October 15, 2021 - Friday
Me & Marme took the kids to Linvilla Orchards today and Evie met us there! I’m really glad we got a chance to visit with her, even though I’m still definitely not at my best. I was snappy and impatient with the kids and really let every single little thing dig under my skin. It really wasn’t a bad time, although all of my thoughts about it are bad right this minute. The kids had a great time. They played, fed chickens and ducks, got to pick out pumpkins, and had popcorn and funnel cake (courtesy of mommom)! There were a few emotional breakdowns from Ruby and Ollie (and ME, inwardly!!!), but all-in-all, the kids behaved and we had a nice time. Mommom, sadly, was having a lot of joint pain while we were there and I have a feeling Evie was pretty put off by my terrible mood and impatience with the kids, but I can’t assign feelings to her.

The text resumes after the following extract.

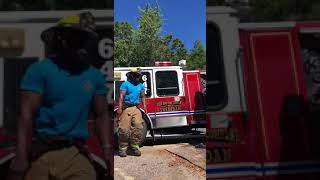 Drake In my feelings challenge  Firefighter [upl. by Eillime395]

For all I know, she had a wonderful time. *shrug*
Thinking about it though, and boy have I been thinking about
it a lot, attitude really does affect everything SO drastically. If I hadn’t
been grumpy at Linvilla, I would probably be looking back on this whole
experience much differently. It’s sad, knowing that I wasted a perfectly good
opportunity to enjoy myself. Ugh, I wish I could snap out of this anger and
resentment that have been festering in me. It’s not fair to anyone around me
and it’s not even fair to myself.
This afternoon, we grabbed a pizza from Claymont Steak Shop
(after much argument and debate) and OMG it was DELICIOUS. I’m so glad we got
it. I have to say, it’s my favorite pizza. It just is. I’ve typed it, so now
it’s official. We drove to the Iron Hill Park and I ate pizza while the kids
played for a while. Afterwards, we went over to Patrick and Erin’s and had a
really nice evening with his family. There was good food, good company,
laughter, and happy, happy, happy children. Goodness, the kids have so much fun
with their cousins! Clemi and Katie are so sweet together (and of course Ruby
tags along!), Ollie and Tommie are cute too, but aren’t really playing together
much. But, probably my favorite cousin part, was seeing Jonas being “in” with
the big cousins. He’s the youngest of the bunch, being 9 and at least 3 years
behind the next youngest, but they include him and talk to him and they all get
super weird and have weird jokes and good times. It makes me feel a pang of
homesickness, honestly, because we have no family where we live and we have
this big group that loves us so much here. But we tried the DE thing and it
didn’t work, so I can’t regret our decision. It’s still tough to leave so much
love behind though, especially when I think about the kids. Cousin best friends
are so much fun.
I’m sitting here alone at my parents, since Ben decided to stay at Patrick’s tonight, and it is getting VERY late. 11:20 already. I have to go to sleep. But one more thought. I sat in traffic for an hour tonight on the way home and even though it was such a waste of time, it wasn’t that bad. Me and the kids all talked and joked and asked questions, so rather than coming here feeling more defeated, I came here feeling equally defeated, but maybe a little bit heartened. I was reminded AGAIN, that our attitude determines our outcome. So, thanks traffic jam (although it was caused by a likely horrific accident and I shouldn’t be thankful for that at all).